Aim of the exercise = What follows is a listing; repeat exactly, and only, its lines from the one holding "Proposal Tahunan UKM Sepak Bola 2021-2022" through the last, leaving any pictures out.

Recorded information =
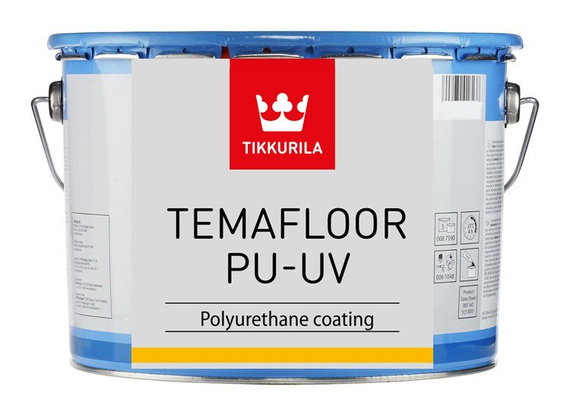 Temafloor PU-UV Color dwuskładnikowa powłoka poliuretanowa KPL 15L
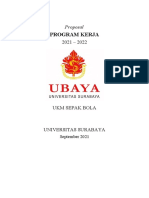 Proposal Tahunan UKM Sepak Bola 2021-2022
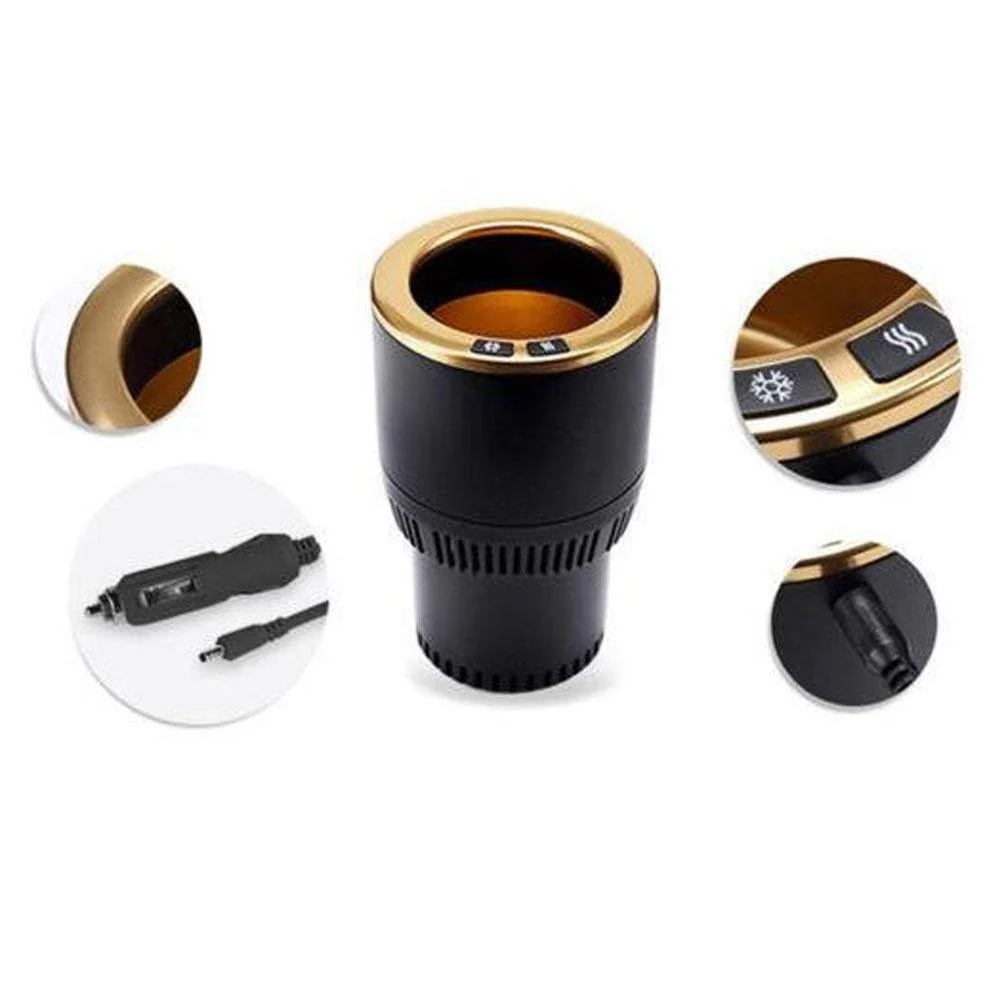 CRONY PT-C301 BG Vehicle Heat and Cold Car cup holder cooling & warming auto cup | Golden - Image 5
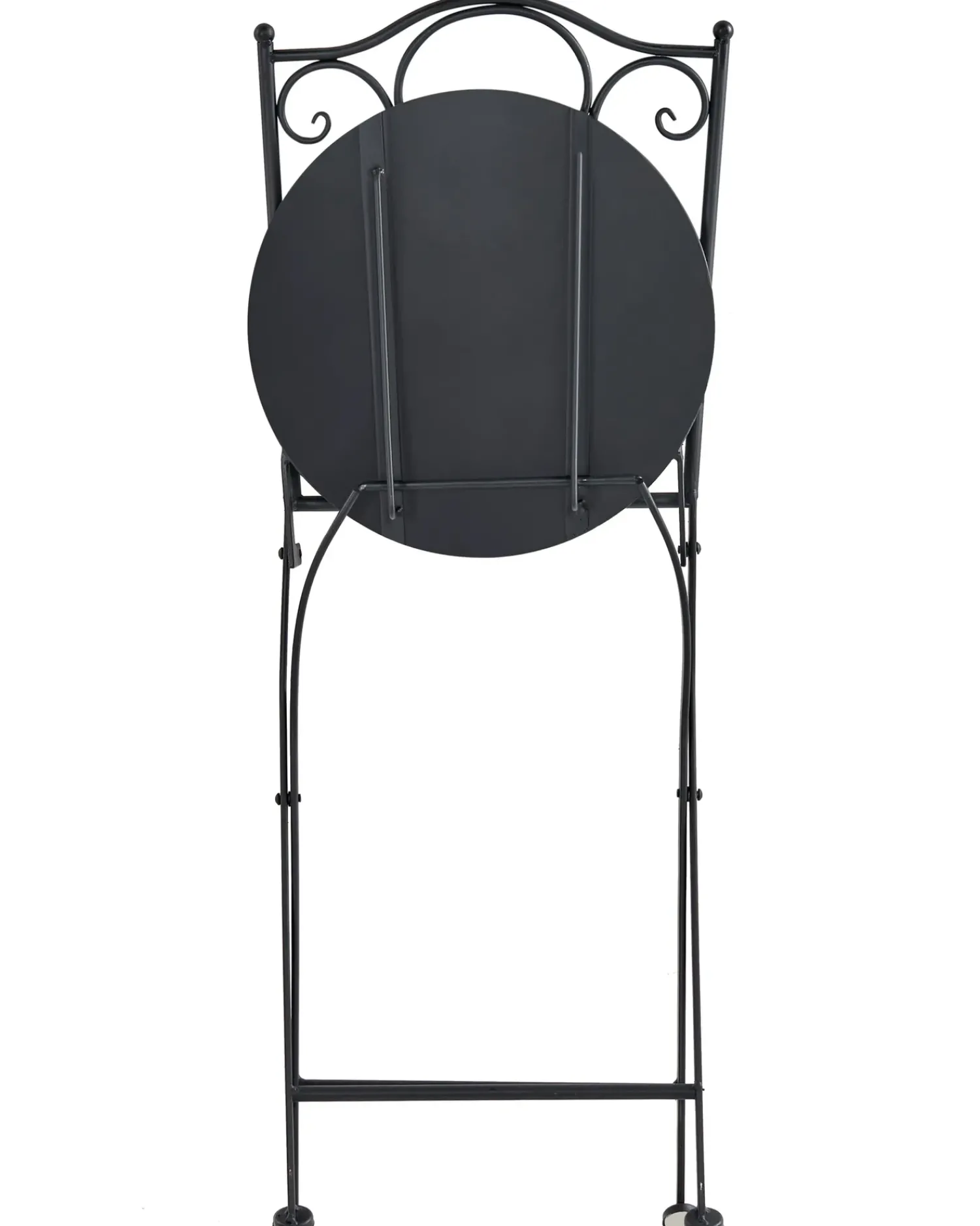 Hot Beliani AGGIUS Pieghevole Metallo Nero Blu Nero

Result =
 Proposal Tahunan UKM Sepak Bola 2021-2022
 CRONY PT-C301 BG Vehicle Heat and Cold Car cup holder cooling & warming auto cup | Golden - Image 5
 Hot Beliani AGGIUS Pieghevole Metallo Nero Blu Nero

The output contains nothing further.